Come one, come all. Give us your Chowder heads and Cheesecake-heads? Your Kim Kardashians and those Kim Kardashian look-a-likes hoping to find an endless supply of good hearted souls willing to cough up $250 for a photo opportunity.
Welcome to our little corner of the world. The land where welcome scarves are the equivalent of Hawaiian Leis and sandy beaches have been replaced with Astro-turfed sidewalks. Here you will find an army of volunteers ready to bowl you over with enthusiasm and accept your belittling sarcasm with a warm, ”I wish I could say what is really on my mind right now” smile.

So cast your fears aside ye new explorers of the fabled Circle City. Jump in with both feet for here you will find no tractors in the streets.

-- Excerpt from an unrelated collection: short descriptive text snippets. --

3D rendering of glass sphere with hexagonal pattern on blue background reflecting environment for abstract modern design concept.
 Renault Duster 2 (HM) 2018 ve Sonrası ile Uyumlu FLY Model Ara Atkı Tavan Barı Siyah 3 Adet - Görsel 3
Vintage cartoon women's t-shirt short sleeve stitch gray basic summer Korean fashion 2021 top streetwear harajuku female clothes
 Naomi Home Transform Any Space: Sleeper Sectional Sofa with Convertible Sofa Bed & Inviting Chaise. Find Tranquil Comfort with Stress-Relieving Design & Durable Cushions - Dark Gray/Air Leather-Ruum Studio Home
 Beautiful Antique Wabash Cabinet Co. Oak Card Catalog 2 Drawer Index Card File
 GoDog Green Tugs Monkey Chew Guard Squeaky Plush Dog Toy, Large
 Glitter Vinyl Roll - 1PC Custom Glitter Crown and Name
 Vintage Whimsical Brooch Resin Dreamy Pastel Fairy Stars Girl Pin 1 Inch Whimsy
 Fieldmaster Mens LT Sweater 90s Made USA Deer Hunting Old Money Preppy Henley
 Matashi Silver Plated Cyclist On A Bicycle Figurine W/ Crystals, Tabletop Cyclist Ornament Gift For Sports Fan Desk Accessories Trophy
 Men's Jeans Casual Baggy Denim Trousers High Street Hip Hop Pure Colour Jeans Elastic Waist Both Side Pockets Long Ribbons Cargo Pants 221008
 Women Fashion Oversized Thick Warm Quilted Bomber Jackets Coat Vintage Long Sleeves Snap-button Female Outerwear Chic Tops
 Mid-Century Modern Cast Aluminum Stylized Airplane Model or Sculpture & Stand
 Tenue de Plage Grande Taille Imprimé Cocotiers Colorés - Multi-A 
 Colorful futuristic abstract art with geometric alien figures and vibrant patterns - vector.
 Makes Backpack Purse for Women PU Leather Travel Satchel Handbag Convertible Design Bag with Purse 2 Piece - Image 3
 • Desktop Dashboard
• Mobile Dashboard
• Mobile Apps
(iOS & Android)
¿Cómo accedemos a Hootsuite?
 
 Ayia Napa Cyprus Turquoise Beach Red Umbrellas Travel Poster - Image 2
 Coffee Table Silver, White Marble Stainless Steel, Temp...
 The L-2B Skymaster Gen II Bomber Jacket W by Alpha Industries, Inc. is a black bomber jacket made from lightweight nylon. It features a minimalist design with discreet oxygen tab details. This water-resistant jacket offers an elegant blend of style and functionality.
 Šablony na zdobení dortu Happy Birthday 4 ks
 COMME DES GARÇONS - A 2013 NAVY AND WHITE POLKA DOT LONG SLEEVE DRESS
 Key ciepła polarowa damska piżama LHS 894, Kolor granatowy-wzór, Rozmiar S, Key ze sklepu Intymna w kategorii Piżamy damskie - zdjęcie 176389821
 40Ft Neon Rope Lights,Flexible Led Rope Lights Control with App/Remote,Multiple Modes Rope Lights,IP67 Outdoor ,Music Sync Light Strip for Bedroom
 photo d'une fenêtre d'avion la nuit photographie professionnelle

Move forward knowing both that you will discover an event planned by the most meticulous of organizing committees and that at no point will Bobby Knight try to throw a chair at you.

Leave your stereotypes at the door. I can promise you Leslie Knope played no role in the planning of the Super Bowl and you will find Patricia Heaton in “The Middle” of nothing here. As a visitor to Indianapolis what you can expect to find is honest people who will do whatever they can to help you out. You will find open arms and warm smiles. You will find a people proud of their city and state. People who will swell with pride as they slap you on the back while telling you, “Close-but Madonna’s from Michigan, not Indiana.”

The NFL will tell you this is their party but Hoosiers everywhere know that every part of this week belongs to them. That’s why they’ll labor to ensure you enjoy every moment you spend in the birthplace of Fred Mertz.

So as you stand in the shadow of the Soldiers and Sailors Monument bracing yourself against the 40 mile an hour winds, let the debate begin as to which was the bigger coup: Indy getting the NFL to bring their Mardi Gras here or the NFL getting A List stars to book a flight to the Midwest in February.

And for those with an actual vested interest in the game, the time is near. The time to grab history, to grab lady opportunity by the arm or, in the case of Bill Belichick, to refuse to grab a welcome scarf. Stand up straight and say ‘fuzzy pickle’ Indianapolis-this is your finest hour.